The number of letters I sent home during the war that never reached the waiting hands. The friend of _nein_ , the word of rejection. The word I never ceased to hear.

 _Benign._

My mother's face. The way the man from my past treated anything or anyone hurt. The eyes of a child locked on mine before she took her last breath.

 _Homecoming._

The word I waited to hear, pulled myself through for, stayed alive in hope of. The event that never happened.

 _One._

How to define a single thing. Someone alone. Someone abandoned. Someone no one could reach.

 _Freight Car._

The last clear memory I had. The sound of a train churning down the tracks, of the same man's scream, of falling.

And now, the sound of nothing. Because every thought that had previously run through my mind, I couldn't remember. I couldn't go back, not even to three seconds before. I was The Winter Soldier now, nothing more.

They didn't know how much torture those words would cause me later, how they would make me a liability not worth the risk. Even if they had known, they wouldn't care.

I was their puppet. She was their ragdoll. And however much they enjoyed playing with us, they knew someday we'd break. What did it matter? We were expendable.


	9. Little Girl

After James and I were caught and everything was restarted, I lost any dream I had of escaping HYDRA's grasp.

They did something to James. He wasn't...human. At least, I didn't think so at the time. Not when the first thing he tried to do was suffocate me. After all this time of silently worrying over him, my heart hurt more than my throat.

The two of us were more closely watched than ever before and our communication was limited under all circumstances. They couldn't stop me from seeing, though, how he had changed. How I had changed. How we had changed. Nothing could be the same now that our relationship had been cut off as it began to bloom.

I was tired. Tired of the pain. Tired of pretending it didn't exist. Tired of holding everything in, forcing myself to be someone I wasn't, something I didn't want to be. Tired of the struggle. Tired of not having a choice.
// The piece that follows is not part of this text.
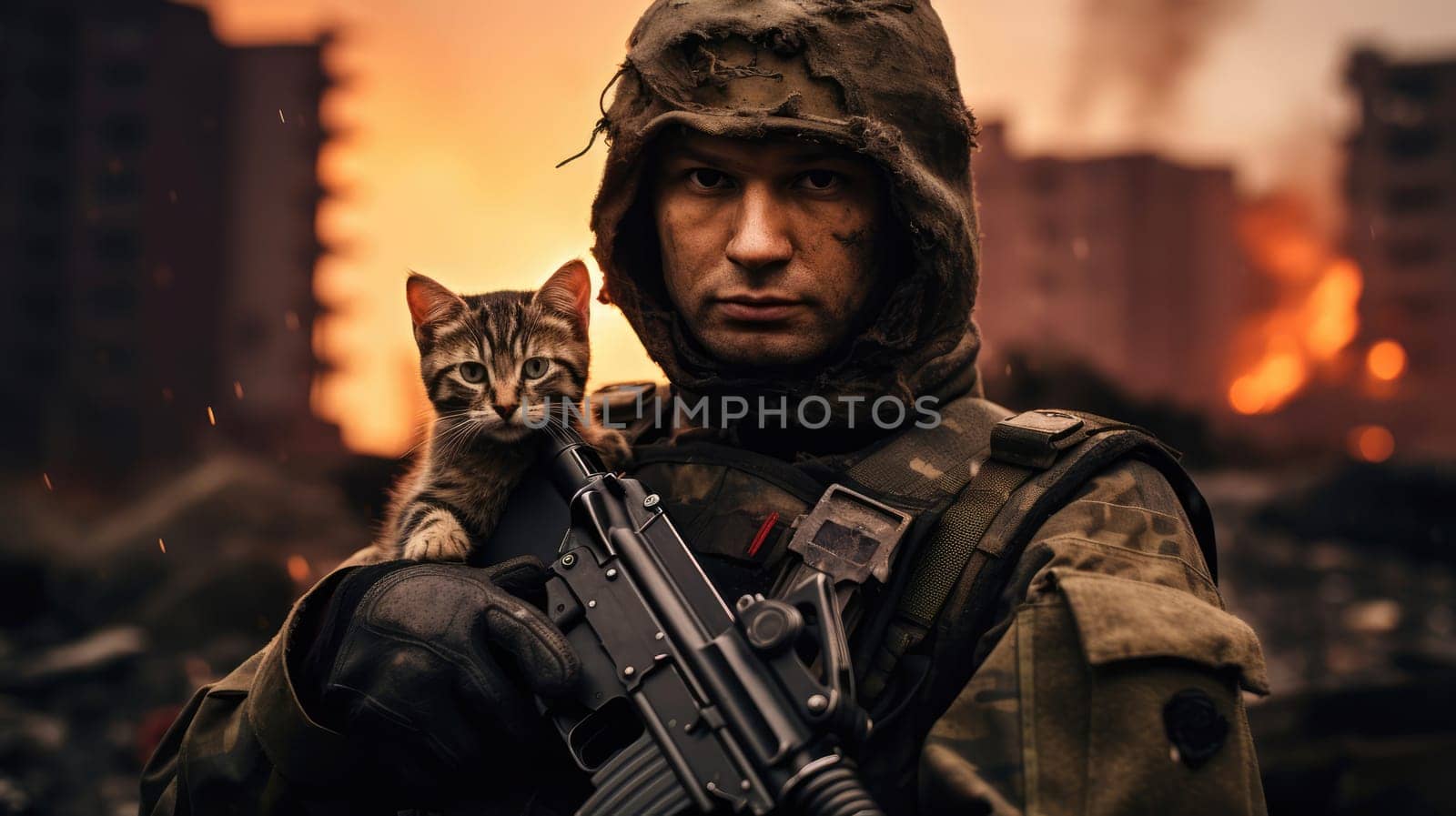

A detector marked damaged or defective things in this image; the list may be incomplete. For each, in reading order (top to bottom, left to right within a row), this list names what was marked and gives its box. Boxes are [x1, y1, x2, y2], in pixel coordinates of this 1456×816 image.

torn fabric helmet cover [588, 0, 978, 421]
Russian roulette would have been my favorite game, had they not confiscated my weapons after every mission.

And he watched me whenever he could.

I still didn't know if he knew it was _me_ , but I could sense that he felt the need to protect me anyways, even if he didn't know why. Those days were some of the hardest in my life, even harder than when we were separated, because he was barely out of my grasp. I couldn't reach out far enough. I didn't have the courage.

It was in that turmoil that the memories I had tried so hard to push away came softly back, slipping into my mind at random times and refusing, quietly, to leave.
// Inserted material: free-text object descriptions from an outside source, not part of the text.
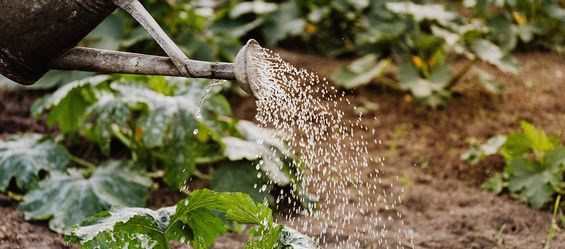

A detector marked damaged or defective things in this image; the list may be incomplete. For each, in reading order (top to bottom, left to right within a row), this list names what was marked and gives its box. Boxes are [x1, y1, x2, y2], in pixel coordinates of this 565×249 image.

rusty metal surface [0, 0, 115, 84]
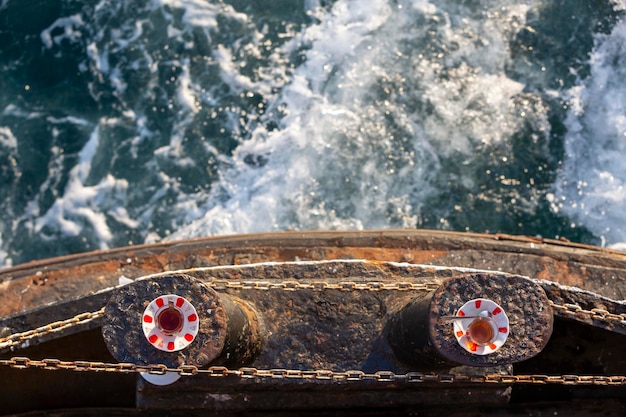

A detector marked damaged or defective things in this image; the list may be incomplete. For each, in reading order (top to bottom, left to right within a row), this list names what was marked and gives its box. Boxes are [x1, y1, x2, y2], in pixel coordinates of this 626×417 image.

rusty bollard [101, 272, 262, 384]
rusty chain [0, 278, 620, 386]
rusty chain [0, 356, 620, 386]
corroded metal surface [1, 229, 624, 316]
rusty metal hull [1, 229, 624, 414]
rusty bollard [388, 272, 552, 368]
Memories of my mother, sweet and gentle, stroking my hair, braiding it before bed.

Memories of my father, reserved but loving all the same. I remembered the brush of his scratchy beard when I wrapped my arms around his neck and planted a kiss on his cheek. The way I always felt safe in his arms.

Memories of my younger brother, dark haired and small, so small when they were all taken away.

Shot, killed, gone.

Again and again, I wrestled with the questions that haunted my every day: Why?
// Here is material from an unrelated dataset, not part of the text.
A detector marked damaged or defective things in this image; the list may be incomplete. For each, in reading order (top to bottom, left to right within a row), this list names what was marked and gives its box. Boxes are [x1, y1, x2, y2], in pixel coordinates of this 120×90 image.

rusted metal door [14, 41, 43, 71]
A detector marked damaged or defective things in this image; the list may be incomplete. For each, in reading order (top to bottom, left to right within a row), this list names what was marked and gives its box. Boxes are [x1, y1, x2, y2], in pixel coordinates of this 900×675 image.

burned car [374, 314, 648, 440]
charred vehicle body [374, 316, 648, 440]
Why was I spared? What did they see in me? After all, when they found me I was alone near the ruins of our burning house, tears making runs through the ashes clouding my face. What could they have expected? I was just a little girl.


	10. Ripped Away

The wiping was becoming more and more frequent, and every time I lost the memories I fought harder and harder to get them back. As soon as Natalia's training was finished, they took her away for her final "ceremony." When I saw her again, I knew something was incredibly wrong.

She didn't smile any more, not a real smile, not even to encourage me. She was silent and still, even when they questioned her, even when they screamed for answers until my ears rung and I backed away. There was a vacancy in her eyes as if some part of her had been taken away.

And as I learned later, it had.

They took away from her one of the greatest gifts women had ever been given. Her ability to carry a child. And that broke her more than anything else.

"To prevent complications," was their excuse, but what they had done to her was inexcusable. They took the strongest, most beautiful woman I had ever laid eyes on and treated her like an object to be broken. And she did break. The amount of pain she was feeling was so great that she became numb, lifeless. She no longer had the same compassion, she no longer reacted to torture or threats. She was no longer Natalia.

And I couldn't help her.

As if to rip away any chance at our deriving comfort from each other, they began sending us on missions alone. We had our backup team nearby sometimes, but we were without each other. Eventually, after repeated memory restarts, I couldn't recall what it felt like before. Who I had known. Who we had been. But I knew that she was inside of this shell of a person I no longer recognized. She was still there, whoever she was.

This only made my resolve stronger. I had to remember. I didn't know why but something told me that if I could remember who I was before I had even met her, who she had been, I might understand why everything felt so...wrong. Why what these people said didn't ring true in my heart and why I felt I should fight them. I couldn't understand my own determination, but it was _mine_. It wasn't something they had put there. And that was enough to tell me that it was right. So I held onto it. It's what kept me from complete insanity.

And it's what sent me in and out of cryofreeze for the next fifty years.


	11. Shattered

The procedure.

The words still make my heart freeze. At the time, it killed my emotion for a significant stretch. I couldn't dare to feel because the ache was too deep, too real.

"Silly girl," the nurses had teased as the anesthetic wore off and I found myself awake, in terrible pain, and weeping. "Silly girl. What could you have possibly hoped for? A normal life? A quiet marriage? A _baby_ of all things?"

One laughed as I continued to sob, the other scoffed. "You really thought you could manage a child, have a child trust you after everything you've done?"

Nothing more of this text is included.